Cest âge est tant subjet aux fraudes trahissantes :
150L’ouvrage des Cyclops, les fornaises ardantes
Ne m’asseurent assez Trinacrie est un lieu
Dont la perfection est le sejour d’un Dieu :
Les flammes d’Encelade en tous lieux estincellent,
Leurs flamboians esclers mes cabinets decellent.
155Ore je veux ranger en endroit incognu
Mon bien aymé depost.

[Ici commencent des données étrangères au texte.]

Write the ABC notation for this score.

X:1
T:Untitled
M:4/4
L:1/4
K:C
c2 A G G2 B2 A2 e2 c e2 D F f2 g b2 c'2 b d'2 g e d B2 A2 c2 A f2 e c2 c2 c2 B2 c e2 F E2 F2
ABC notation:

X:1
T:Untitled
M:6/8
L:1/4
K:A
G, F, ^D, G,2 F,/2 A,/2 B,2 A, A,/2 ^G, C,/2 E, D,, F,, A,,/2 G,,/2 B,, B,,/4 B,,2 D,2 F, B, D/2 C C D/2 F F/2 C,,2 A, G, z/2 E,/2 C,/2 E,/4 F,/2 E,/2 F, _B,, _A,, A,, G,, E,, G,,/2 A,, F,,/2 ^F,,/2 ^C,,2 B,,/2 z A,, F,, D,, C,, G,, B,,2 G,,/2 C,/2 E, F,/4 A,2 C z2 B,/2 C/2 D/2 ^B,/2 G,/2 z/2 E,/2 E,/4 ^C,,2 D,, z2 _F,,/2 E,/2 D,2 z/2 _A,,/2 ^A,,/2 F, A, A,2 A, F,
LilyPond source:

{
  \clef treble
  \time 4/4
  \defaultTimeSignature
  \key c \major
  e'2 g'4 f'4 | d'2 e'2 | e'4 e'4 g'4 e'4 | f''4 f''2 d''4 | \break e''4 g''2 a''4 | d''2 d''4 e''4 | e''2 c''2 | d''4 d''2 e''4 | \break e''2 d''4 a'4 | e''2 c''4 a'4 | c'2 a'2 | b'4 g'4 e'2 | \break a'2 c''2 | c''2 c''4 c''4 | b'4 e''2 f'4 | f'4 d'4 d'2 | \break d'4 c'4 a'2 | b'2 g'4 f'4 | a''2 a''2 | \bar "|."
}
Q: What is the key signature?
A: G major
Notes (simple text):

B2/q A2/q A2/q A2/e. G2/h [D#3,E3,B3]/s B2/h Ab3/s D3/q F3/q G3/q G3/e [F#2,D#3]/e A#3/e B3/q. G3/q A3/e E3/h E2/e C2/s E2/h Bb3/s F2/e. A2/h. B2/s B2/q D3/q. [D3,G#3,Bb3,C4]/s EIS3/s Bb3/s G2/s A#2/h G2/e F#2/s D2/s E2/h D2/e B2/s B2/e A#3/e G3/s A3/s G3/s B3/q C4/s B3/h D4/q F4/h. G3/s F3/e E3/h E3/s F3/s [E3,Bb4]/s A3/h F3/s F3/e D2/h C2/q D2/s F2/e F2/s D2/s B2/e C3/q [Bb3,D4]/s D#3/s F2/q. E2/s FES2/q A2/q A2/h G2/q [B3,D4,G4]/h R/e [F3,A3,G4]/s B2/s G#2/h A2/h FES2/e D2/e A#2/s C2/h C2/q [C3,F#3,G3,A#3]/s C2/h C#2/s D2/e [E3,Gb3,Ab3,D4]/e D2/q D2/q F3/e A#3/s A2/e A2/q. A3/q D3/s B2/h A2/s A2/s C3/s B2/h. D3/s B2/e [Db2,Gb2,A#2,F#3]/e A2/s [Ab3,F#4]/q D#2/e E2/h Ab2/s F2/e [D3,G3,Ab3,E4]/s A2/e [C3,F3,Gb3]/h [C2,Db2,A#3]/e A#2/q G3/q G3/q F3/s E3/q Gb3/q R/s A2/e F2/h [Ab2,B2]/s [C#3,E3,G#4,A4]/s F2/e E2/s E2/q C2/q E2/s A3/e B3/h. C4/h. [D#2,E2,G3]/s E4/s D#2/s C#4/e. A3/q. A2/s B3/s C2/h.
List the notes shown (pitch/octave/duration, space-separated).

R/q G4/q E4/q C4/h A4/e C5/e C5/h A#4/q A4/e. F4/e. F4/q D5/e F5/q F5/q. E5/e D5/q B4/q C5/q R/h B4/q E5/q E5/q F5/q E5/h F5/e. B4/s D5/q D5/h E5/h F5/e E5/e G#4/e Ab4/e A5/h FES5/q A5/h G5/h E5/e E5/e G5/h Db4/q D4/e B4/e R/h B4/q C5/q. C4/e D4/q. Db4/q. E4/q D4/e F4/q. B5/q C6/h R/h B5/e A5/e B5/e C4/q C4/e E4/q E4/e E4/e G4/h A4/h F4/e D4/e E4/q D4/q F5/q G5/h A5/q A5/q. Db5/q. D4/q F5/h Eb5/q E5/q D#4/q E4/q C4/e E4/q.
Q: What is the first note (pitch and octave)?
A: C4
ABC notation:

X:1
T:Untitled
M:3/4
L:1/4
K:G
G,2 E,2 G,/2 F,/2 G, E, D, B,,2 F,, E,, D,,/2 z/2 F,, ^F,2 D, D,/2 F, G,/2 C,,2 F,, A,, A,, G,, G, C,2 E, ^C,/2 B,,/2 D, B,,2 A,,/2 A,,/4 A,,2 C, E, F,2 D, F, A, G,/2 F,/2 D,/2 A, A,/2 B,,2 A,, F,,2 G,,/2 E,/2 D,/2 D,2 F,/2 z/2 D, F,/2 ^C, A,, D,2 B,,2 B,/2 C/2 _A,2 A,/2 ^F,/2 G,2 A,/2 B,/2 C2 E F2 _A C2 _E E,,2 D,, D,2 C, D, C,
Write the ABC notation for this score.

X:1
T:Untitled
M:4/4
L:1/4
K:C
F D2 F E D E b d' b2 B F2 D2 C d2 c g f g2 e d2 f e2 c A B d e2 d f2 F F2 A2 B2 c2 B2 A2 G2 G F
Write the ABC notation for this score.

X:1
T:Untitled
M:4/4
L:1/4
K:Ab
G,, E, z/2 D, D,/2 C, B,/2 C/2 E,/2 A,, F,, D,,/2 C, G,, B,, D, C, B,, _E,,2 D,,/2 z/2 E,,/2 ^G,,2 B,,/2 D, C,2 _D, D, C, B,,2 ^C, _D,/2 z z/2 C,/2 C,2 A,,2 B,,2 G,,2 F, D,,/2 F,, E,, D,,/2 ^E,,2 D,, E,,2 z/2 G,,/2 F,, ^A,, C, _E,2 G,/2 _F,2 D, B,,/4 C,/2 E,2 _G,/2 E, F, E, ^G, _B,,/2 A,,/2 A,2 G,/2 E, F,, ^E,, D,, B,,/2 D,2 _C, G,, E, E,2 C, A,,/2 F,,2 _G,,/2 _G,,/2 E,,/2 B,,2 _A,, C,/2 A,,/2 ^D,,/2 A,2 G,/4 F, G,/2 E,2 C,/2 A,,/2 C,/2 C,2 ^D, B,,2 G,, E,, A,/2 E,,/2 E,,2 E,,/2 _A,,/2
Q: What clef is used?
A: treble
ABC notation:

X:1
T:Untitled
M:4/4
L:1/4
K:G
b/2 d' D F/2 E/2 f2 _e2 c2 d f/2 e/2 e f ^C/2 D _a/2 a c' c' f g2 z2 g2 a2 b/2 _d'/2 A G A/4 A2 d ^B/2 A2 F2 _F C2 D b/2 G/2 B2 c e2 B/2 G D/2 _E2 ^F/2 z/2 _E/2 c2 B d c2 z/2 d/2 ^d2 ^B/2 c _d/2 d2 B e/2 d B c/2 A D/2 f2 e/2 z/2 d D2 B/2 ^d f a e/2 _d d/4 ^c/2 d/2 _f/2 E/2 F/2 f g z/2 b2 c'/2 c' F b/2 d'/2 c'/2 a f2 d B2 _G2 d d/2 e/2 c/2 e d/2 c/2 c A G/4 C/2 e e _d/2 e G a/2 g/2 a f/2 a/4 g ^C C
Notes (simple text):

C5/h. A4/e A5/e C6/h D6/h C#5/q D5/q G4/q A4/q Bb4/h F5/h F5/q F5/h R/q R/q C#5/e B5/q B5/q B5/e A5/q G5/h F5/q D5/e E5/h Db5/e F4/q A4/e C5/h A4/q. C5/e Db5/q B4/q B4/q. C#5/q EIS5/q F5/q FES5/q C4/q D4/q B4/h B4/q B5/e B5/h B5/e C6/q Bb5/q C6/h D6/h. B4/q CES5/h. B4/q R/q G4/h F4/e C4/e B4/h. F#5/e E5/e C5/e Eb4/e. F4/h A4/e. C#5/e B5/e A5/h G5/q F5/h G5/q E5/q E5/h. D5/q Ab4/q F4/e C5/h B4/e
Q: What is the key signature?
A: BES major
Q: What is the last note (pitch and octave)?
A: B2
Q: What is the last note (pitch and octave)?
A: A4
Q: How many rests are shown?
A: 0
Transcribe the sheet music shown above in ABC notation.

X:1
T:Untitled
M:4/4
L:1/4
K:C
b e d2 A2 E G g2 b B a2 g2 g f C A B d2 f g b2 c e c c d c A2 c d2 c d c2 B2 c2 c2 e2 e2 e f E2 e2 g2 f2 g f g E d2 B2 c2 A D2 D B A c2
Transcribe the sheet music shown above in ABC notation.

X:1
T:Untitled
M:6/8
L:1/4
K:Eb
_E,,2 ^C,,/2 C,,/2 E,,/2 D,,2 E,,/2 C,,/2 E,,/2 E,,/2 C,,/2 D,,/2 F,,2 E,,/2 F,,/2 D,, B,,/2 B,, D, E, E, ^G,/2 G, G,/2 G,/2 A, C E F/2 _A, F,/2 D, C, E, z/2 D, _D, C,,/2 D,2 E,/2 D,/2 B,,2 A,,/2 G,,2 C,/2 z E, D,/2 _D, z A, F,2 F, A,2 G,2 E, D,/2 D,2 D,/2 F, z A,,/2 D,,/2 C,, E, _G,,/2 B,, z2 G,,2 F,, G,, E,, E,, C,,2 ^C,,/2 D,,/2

Mais il m’est advenu
Un songe fort affreux durant la nuit obscure,
Qui tousjours m’a suivie en diverse figure.
Les bouquets jaunissans qui tiennent mes cheveux,
160Tombent sans que j’y touche : & bien souvent je veux
Cacher mon desplaisir qu’une piteuse trace
De mes pleurs ruisselans me vient noier la face.
Le sang va descoulant tout le long de mon sein,
Et mon sein est frappé de ma felone main.
165Las si je veux toucher la fluste de Lydie,
Elle gemit de mort : si de main plus hardie
Je batz le tabourin, il ne rend que des plains.
Ah j’ay trop demeuré ! ha bon Dieu que je crains
Un insigne malheur ! Deesse, dit Cybelle
170Ne remplissez point l’air d’une vaine querelle.
Pensez vous le Tonnant si peu songneux de vous,
Qu’il ne vueille darder son foudroiant courroux
Pour un gage tant cher ? aiez l’ame plus forte,
Et retournez pourtant où le desir vous porte.